# Table Saw Jigs



## rk4570 (Sep 29, 2011)

I've done a Search but cant find what I am looking for Soooo I need a little help in making a Tapering Jig to cut table legs and other jigs that will improve the use of my low budget table saw.

Thanks for your help, RK :thumbsup:


----------



## davesplane (Apr 26, 2010)

you can get a taper jig at rockler for about 20 bucks but you could make one pretty easy.
it is nothing mor than 2 pieces of material with a hinge on one end and a locking screw.
here is a link to rocklers
http://www.rockler.com/product.cfm?page=2076&filter=taper jig


----------



## sawdustfactory (Jan 30, 2011)

I've got a similar jig to the one in the link.
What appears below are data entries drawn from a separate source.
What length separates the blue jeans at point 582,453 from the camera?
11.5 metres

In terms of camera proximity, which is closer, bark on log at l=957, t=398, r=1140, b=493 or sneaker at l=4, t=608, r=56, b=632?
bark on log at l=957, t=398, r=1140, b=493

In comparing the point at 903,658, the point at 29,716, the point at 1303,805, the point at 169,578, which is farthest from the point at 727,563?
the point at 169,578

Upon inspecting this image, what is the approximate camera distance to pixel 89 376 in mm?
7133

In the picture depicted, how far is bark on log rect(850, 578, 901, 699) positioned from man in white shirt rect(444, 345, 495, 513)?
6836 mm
Yours if you want it. $5+ shipping. Email me at [email protected] if you're interested.


----------



## rk4570 (Sep 29, 2011)

Ok....I went ahead & made a jig with a hinge on one end & added a small piece with a grove cut out in the center for the angle adjust. Drilled & ran 2 - 1/4 - 20 bolts W/ wing nuts to tighten it up. Seemed to work But my saw blade binds up and it wants to kick back.
Sooo I think I need to make a Feather Board & get a better blade for the saw. Any other suggestions?
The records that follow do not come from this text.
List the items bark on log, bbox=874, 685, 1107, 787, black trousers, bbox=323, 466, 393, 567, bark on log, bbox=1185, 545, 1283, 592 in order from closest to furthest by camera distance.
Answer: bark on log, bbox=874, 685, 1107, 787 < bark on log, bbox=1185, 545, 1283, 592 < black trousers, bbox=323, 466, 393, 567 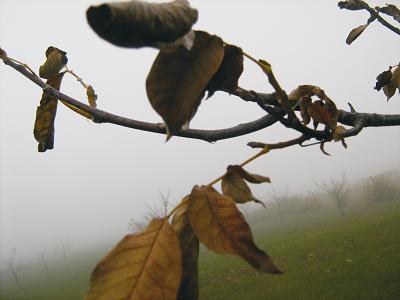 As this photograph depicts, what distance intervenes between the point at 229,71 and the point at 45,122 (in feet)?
2.44

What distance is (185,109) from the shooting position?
0.51 m

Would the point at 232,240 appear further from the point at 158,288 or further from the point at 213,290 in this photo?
the point at 213,290

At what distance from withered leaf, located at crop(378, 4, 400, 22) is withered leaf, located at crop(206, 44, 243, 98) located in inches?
71.7

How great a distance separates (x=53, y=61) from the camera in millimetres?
1141

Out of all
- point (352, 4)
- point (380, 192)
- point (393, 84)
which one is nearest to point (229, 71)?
point (393, 84)

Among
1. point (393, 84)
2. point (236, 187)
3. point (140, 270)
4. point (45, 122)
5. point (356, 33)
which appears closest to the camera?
point (140, 270)

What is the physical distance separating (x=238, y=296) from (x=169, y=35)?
18.2 metres

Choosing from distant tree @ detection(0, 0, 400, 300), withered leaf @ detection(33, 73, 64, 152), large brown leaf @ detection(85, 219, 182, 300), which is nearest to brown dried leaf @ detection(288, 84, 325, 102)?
distant tree @ detection(0, 0, 400, 300)

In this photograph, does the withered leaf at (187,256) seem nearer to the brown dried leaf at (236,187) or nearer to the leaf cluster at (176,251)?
the leaf cluster at (176,251)

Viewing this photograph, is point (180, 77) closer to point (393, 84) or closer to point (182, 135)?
point (182, 135)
Sorry but I cant take pictures, Thanks for your Help! R K :huh:


----------



## Pirate (Jul 23, 2009)

I made a version of this Rockler taper jig. Simple to make. Works great.
http://www.google.com/products/cata...a=X&ei=UGTjToyHD4XNtgeJ-_WUDg&ved=0CGQQ8wIwAw


----------



## del schisler (Nov 5, 2009)

rk4570 said:


> Ok....I went ahead & made a jig with a hinge on one end & added a small piece with a grove cut out in the center for the angle adjust. Drilled & ran 2 - 1/4 - 20 bolts W/ wing nuts to tighten it up. Seemed to work But my saw blade binds up and it wants to kick back.
> Sooo I think I need to make a Feather Board & get a better blade for the saw. Any other suggestions?
> 
> Sorry but I cant take pictures, Thanks for your Help! R K :huh:


Couple things like you said a new blade. Also are you cutting the wood between the angle and blade? Or i guess what i am saying is the angle piece should be comming off out in the opening. and not between the blade. Move over to the other miter slot ? so that it does ? If in between angle jig and blade it will kick back. A fether board don't use it You don't need to hold the wood it come's off out in the opening .


----------



## rk4570 (Sep 29, 2011)

del schisler said:


> Couple things like you said a new blade. Also are you cutting the wood between the angle and blade? Or i guess what i am saying is the angle piece should be comming off out in the opening. and not between the blade. Move over to the other miter slot ? so that it does ? If in between angle jig and blade it will kick back. A fether board don't use it You don't need to hold the wood it come's off out in the opening .


 
What I've been doing is clamping the Jig that I made to the fence and pushing the work piece thru the saw. Should I be sliding the Jig & the work piece thru? This is one of those things where a picture(Video) would be worth a thousand words or is it just something that I cant see? :huh:


----------



## would (May 26, 2009)

rk4570 said:


> What I've been doing is clamping the Jig that I made to the fence and pushing the work piece thru the saw. Should I be sliding the Jig & the work piece thru? This is one of those things where a picture(Video) would be worth a thousand words or is it just something that I cant see? :huh:


I have never used a taper jig before, but the first rule with a table saw, for me anyway, is that the wood has to pass though the saw blade straight. You need to consider the jig to be an extension to the board and that the entire unit, jig and board, are using the fence to guide the wood through the blade in a straight motion. 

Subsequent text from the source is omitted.